I think I forgot why

I usually do. I’m looking at setting up a phant server so I can get my extreme data logging on for a project or two. The only thing is I’ve been getting some odd errors. Honestly, I’ve been getting lots (relatively only to my prior Linux experience, nothing compared to Windows or OSX) of little odd errors. So I locked my computer up and and had to reboot. When I look up again I’m no longer getting boot up goodness, but whiny swap errors that killed booting. Weird.

It turns out that I managed to encrypt the home drive (good!) but not the swap. Further reading and I find that the encrypted home drive is probably why I’m having these problems. Which might be why I’ve been having all these other stupid problems. Of course that got me thinking of the rabbit hole again. I have no love of package managers. I think they can be good in a pinch, but overall, the pinch they inflict is more pain than good.
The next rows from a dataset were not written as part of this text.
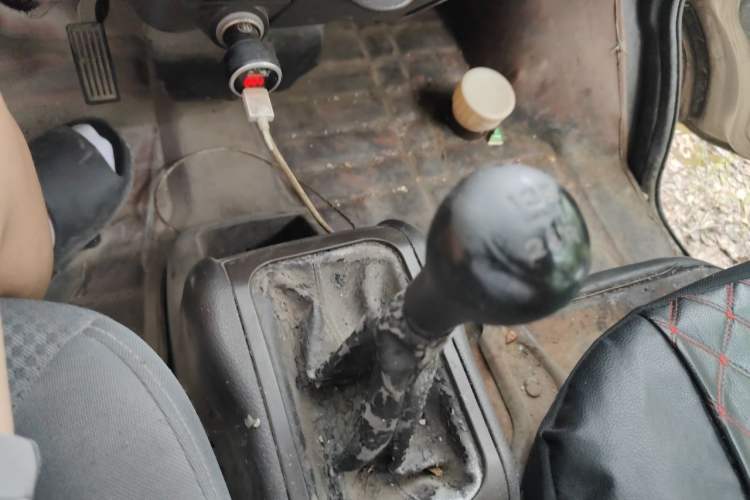Used Wuling Rongguang 2015 1.2L S Base Model CNG Gear Lever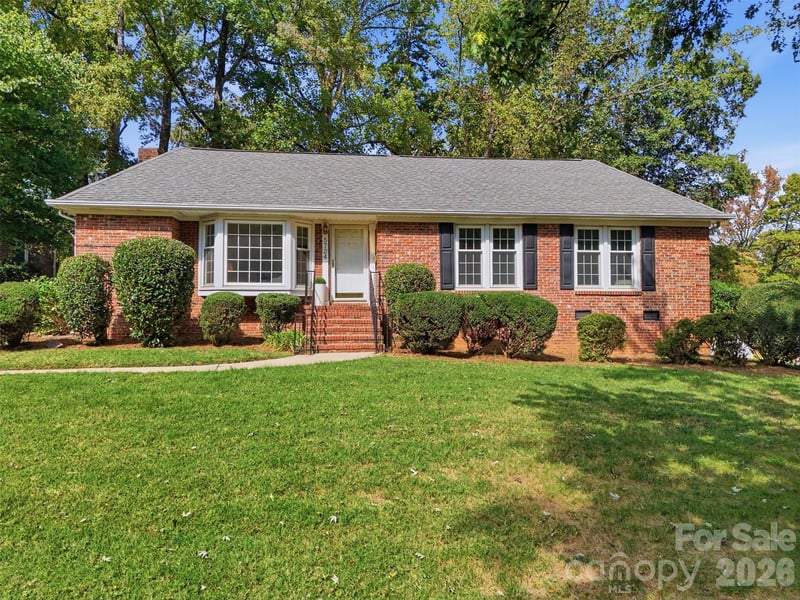 5724 Telfair Road, Charlotte, NC - 3 beds, 2 baths, 1,375 sqft - $575,000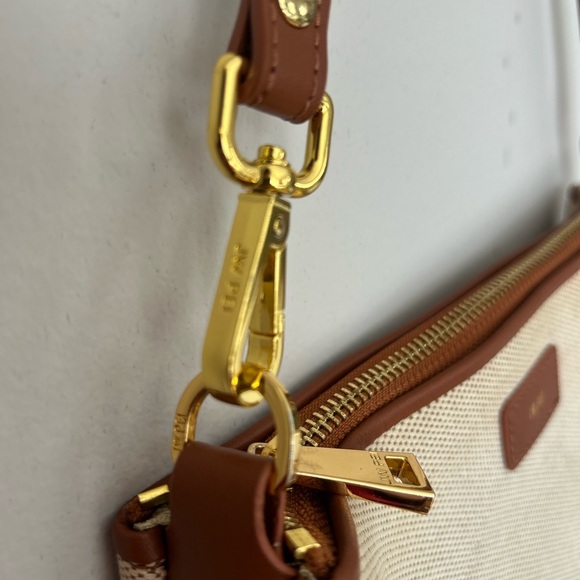 JW PEI Eva Shoulder Bag - Picture 4 of 5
Maybe I should look at depackaging my system. Or, (with a visible shudder) going and trying a full LFS build again. Especially if I automated new builds it would be the ideal. A lot more work to build tool chains, but it means I would have a better understanding of whats doing what. It turns out I had a daemon going at all times that was just polling the network for new services. Why? Why is this the default?

If you want something done right, pay a professional. If you want something to meet your exacting and inexperienced needs, do it yourself.